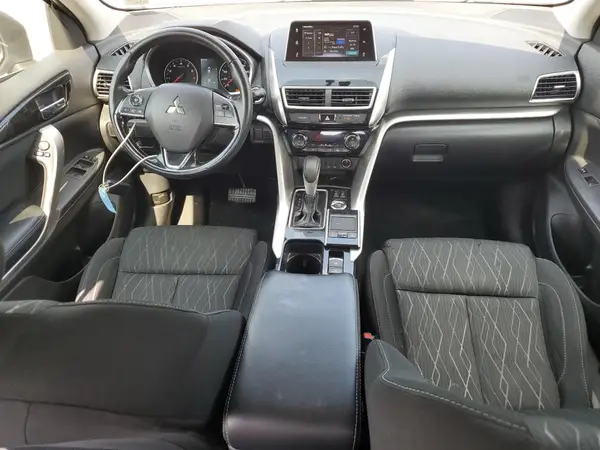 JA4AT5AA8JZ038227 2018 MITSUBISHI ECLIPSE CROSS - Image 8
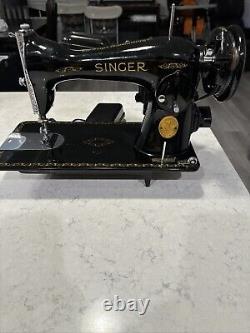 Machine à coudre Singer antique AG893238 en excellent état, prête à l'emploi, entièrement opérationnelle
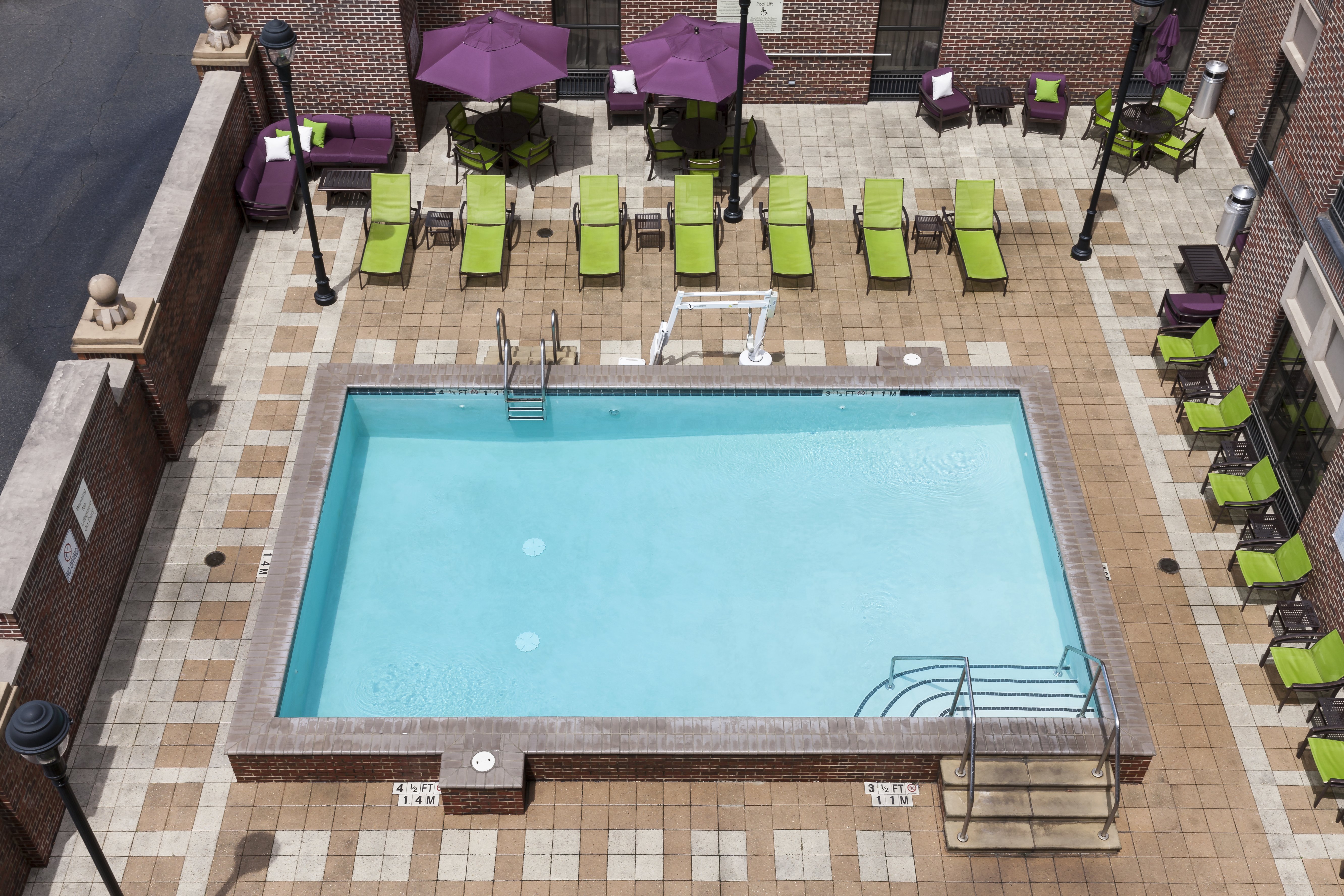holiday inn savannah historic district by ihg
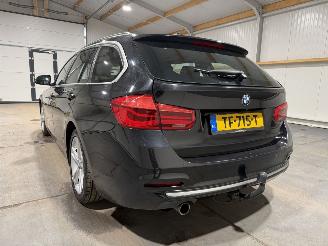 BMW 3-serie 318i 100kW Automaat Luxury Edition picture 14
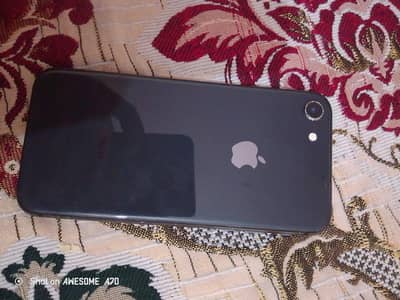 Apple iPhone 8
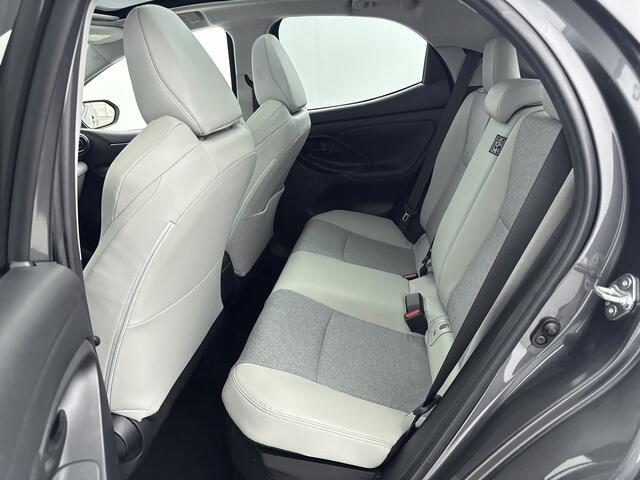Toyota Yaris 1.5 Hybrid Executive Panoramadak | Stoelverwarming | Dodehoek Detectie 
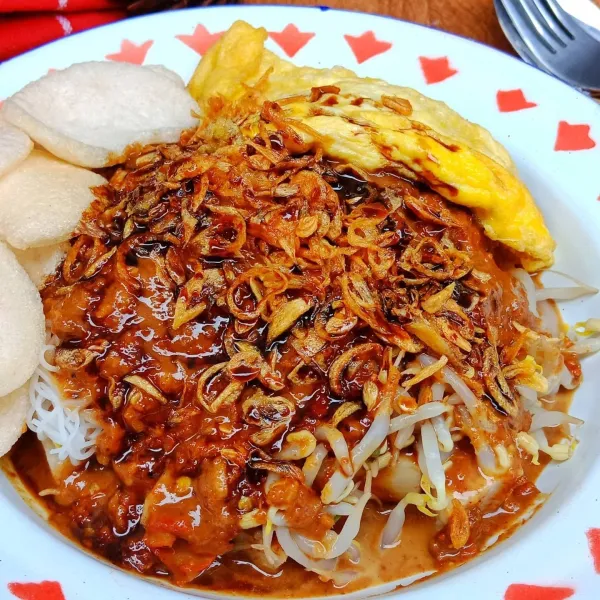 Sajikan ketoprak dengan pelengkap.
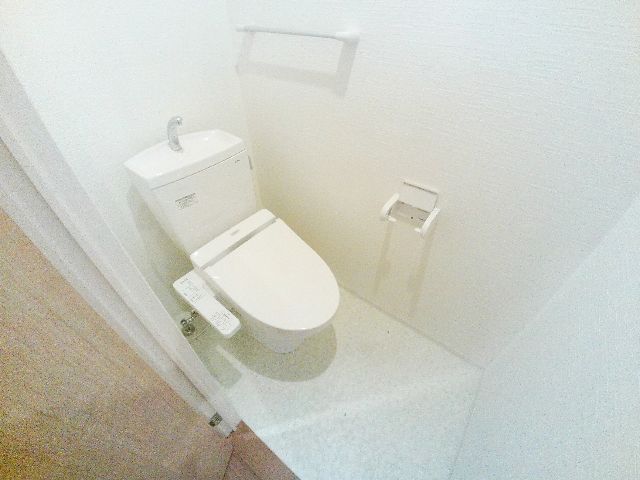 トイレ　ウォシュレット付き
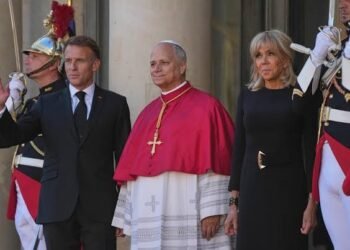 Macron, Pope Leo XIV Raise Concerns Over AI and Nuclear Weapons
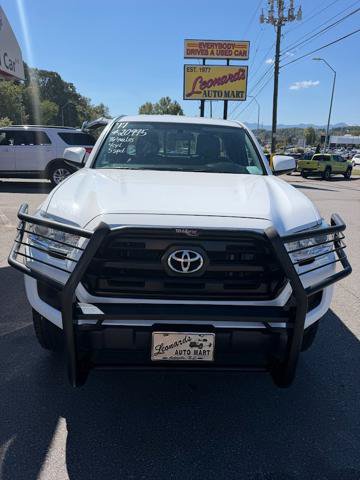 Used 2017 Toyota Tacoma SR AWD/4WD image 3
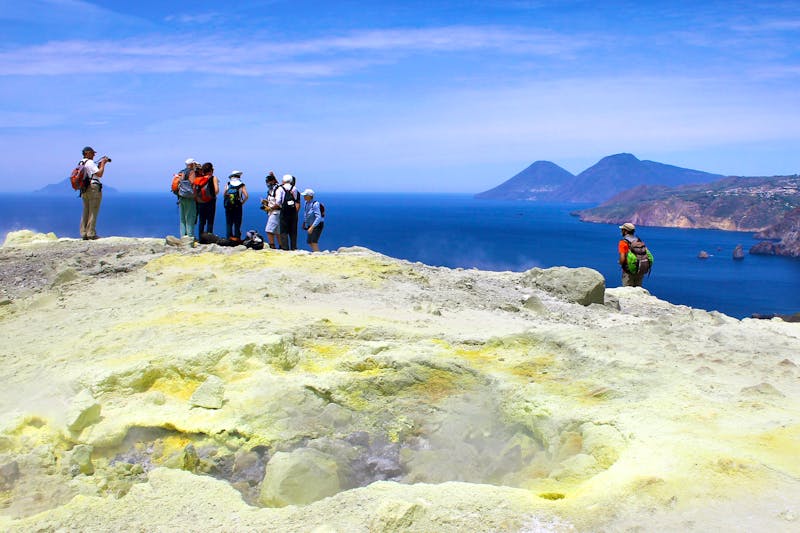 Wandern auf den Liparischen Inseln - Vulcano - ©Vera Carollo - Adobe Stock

****************

Task description
Starting at the line above that contains "Apple iPhone 8", transcribe every line exactly through the line that contains "Used 2017 Toyota Tacoma SR AWD/4WD image 3", including that last one, and skip the pictures.

Answer to the problem
 Apple iPhone 8
Toyota Yaris 1.5 Hybrid Executive Panoramadak | Stoelverwarming | Dodehoek Detectie 
 Sajikan ketoprak dengan pelengkap.
 トイレ　ウォシュレット付き
 Macron, Pope Leo XIV Raise Concerns Over AI and Nuclear Weapons
 Used 2017 Toyota Tacoma SR AWD/4WD image 3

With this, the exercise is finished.